Currently, the most promising alternative to conventional organic phosphonate scale inhibitors are phosphorus-free polyaspartic acid (PASP)-based inhibitors. PASP-based inhibitors exhibit an excellent scale inhibition effect on CaCO₃ owing to their large number of carboxylic acid groups in the molecular chain. On the other hand, they can be completely degraded by microorganisms into harmless small molecules (carbon dioxide, water, etc.) [10]. However, PASP loses its anti-scaling performance dramatically when exposed to high temperatures, which severely restricts the application of PASP [12,13,14].

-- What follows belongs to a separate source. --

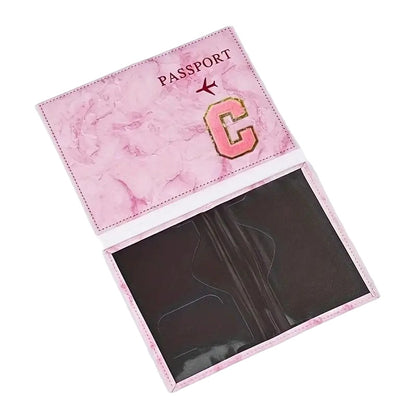 Monogrammed Pink Marble Effect Passport Clip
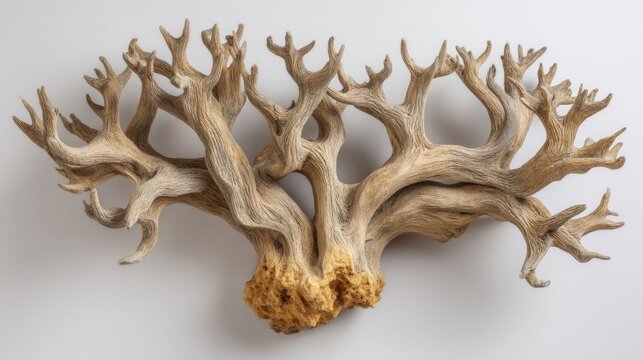 Desert Wood Sculpture: Intricate Branching Form on White Background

Chemical modification by grafting small molecules on the side chain is an effective method to change the polarity, crystallinity, and thermal stability of PASP. Therefore, a modified PASP with temperature-resistant properties can be synthesized through the selection of stable heterocyclic monomers. Xu et al. prepared a polyaspartic acid/5-aminoorotic acid graft copolymer (PASP/5-AOA) and found its scale inhibition rate for CaCO₃ exceeded 85% at 80 °C for 16 h [12]. Shi et al. selected a corrosion-resistant heterocyclic molecule and synthesized a polyaspartic acid/furfurylamine graft copolymer (PASP-FA); its scale inhibition performance was 10% higher than PASP at 80 °C after 18 h [13].

In general, for the CaCO₃ crystallization process, amorphous calcium carbonate (ACC) is formed first, and then converted into thermodynamically stable polycrystals including calcite, aragonite, and vaterite through different pathways. For example, a transformation mechanism from hydrated ACC via a short-lived anhydrous ACC to the final polymorph was suggested where the crystalline phase propagates via secondary nucleation from one domain to its neighbor [15,16,17]. However, the crystal nucleus size is very small, and its formation speed is extremely fast, which makes it difficult to obtain a detailed description of the CaCO₃ crystallization process. With the development of observation technology and computational chemistry, a more generally accepted mechanism is the multi-stage nucleation process of CaCO₃, which has been proposed. This process can be divided into the following stages [18,19,20]: (1) Formation of amorphous ionic liquid. Ca²⁺ and CO₃²⁻ ions are alternately arranged to form a highly disordered, flexible, and hydrated dynamic topological structure composed of chains, branches, and rings. (2) Formation of ACC. Amorphous ionic liquids will collapse and aggregate into 3D ACC spherical particles during the dynamic process of formation and dissipation, and the local dehydration sequence results in a more orderly structure at the same time. (3) Transformation into a more stable crystal form. There are two kinds of viewpoints on this process: one is the dissolution precipitation model (Ostwald–Lussac rule of stages), in which ACC precursors are redissolved on the stable crystal surface before precipitation; the other is ACC precursors directly convert into stable crystalline phases based on the continuous contact between the old and new phases.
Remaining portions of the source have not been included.